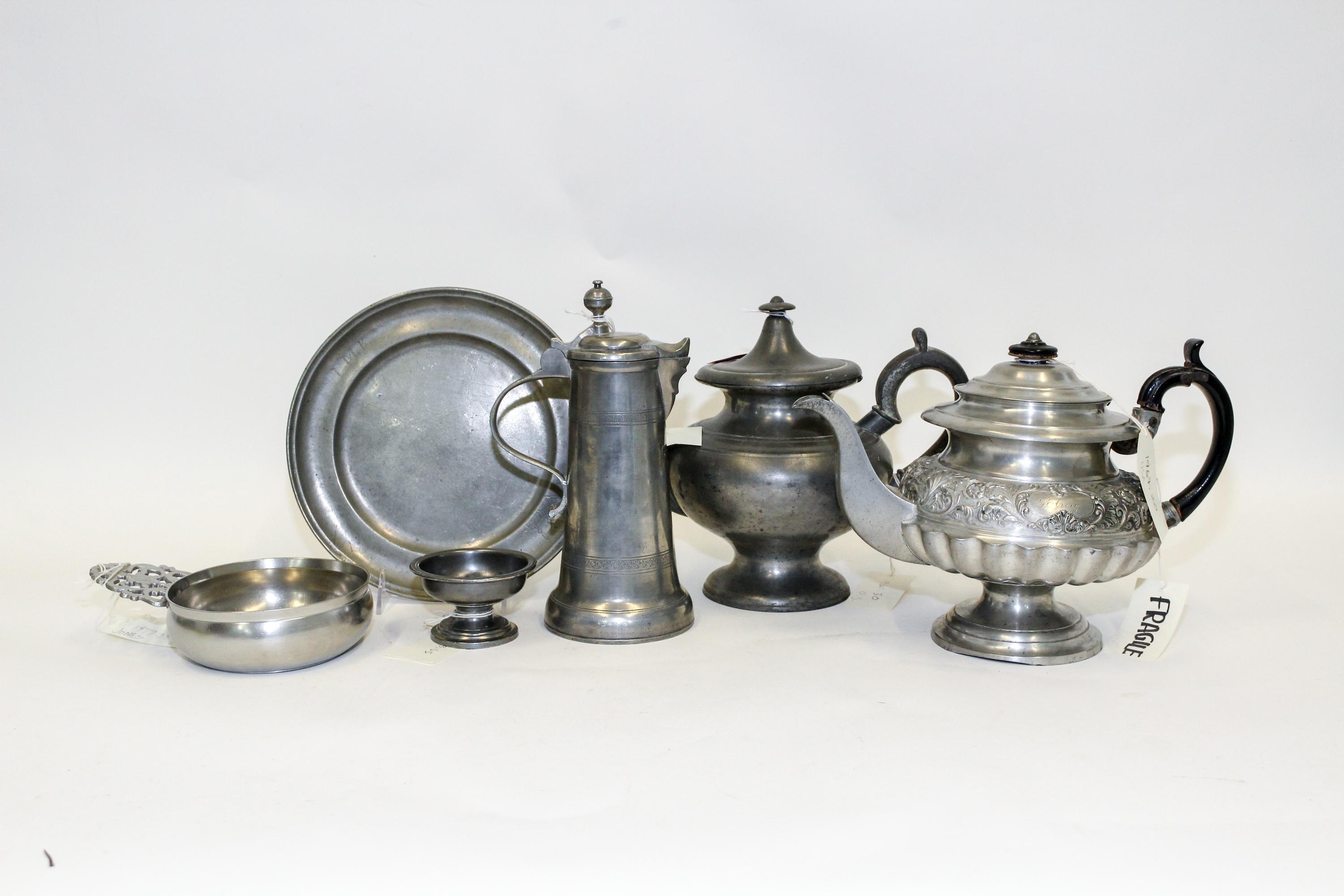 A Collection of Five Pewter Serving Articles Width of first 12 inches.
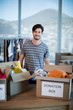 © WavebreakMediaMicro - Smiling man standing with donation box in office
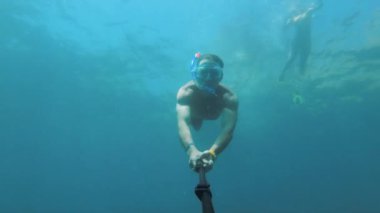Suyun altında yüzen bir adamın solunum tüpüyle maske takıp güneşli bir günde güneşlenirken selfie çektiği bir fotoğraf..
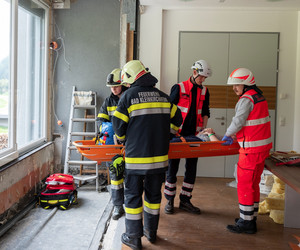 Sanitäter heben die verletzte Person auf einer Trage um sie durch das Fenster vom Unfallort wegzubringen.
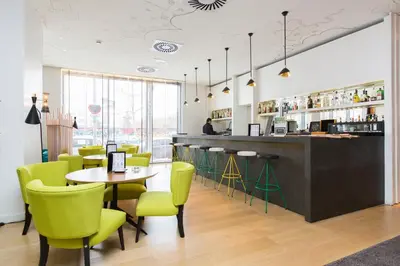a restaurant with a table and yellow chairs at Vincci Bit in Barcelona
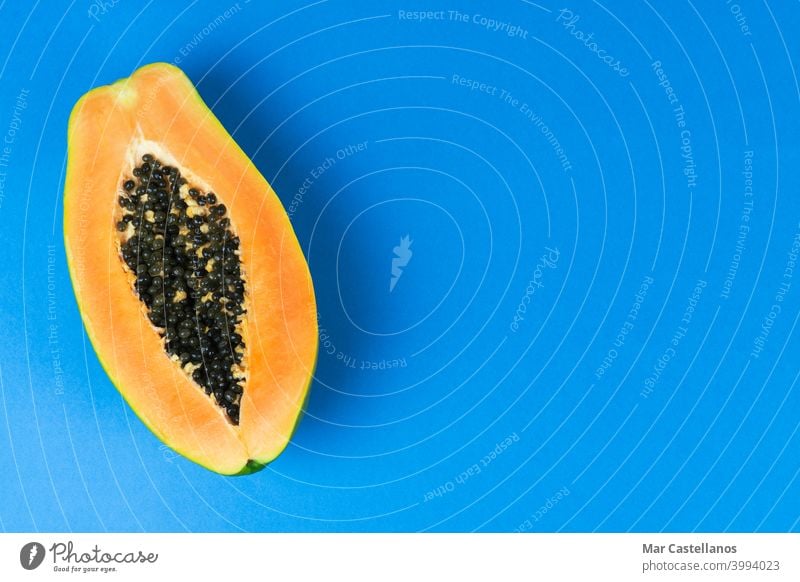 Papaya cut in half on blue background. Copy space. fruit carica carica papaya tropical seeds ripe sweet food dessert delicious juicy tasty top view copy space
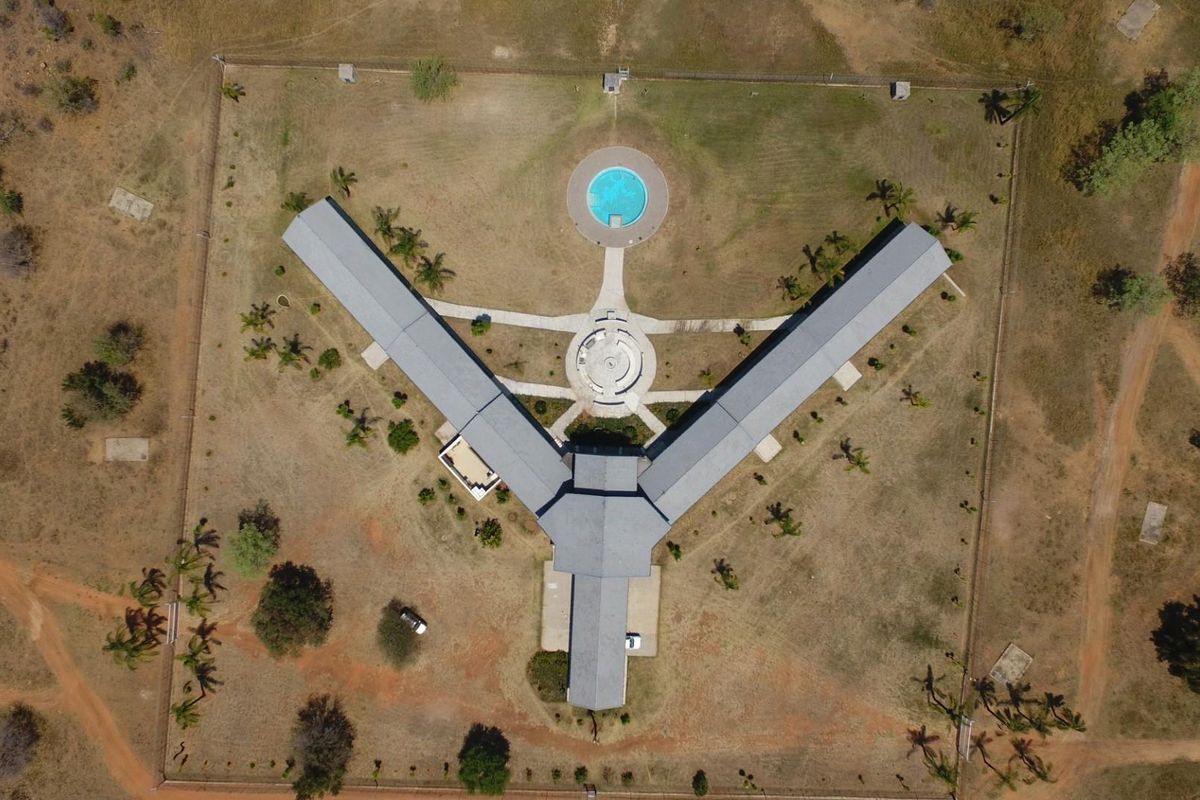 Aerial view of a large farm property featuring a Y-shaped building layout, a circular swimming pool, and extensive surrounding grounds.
----
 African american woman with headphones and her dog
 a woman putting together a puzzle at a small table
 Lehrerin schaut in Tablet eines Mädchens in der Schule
----
WHAT YOU SHOULD DO: Find each line in the data above with the word "woman", then copy it.

ANSWER BOX:
 African american woman with headphones and her dog
 a woman putting together a puzzle at a small table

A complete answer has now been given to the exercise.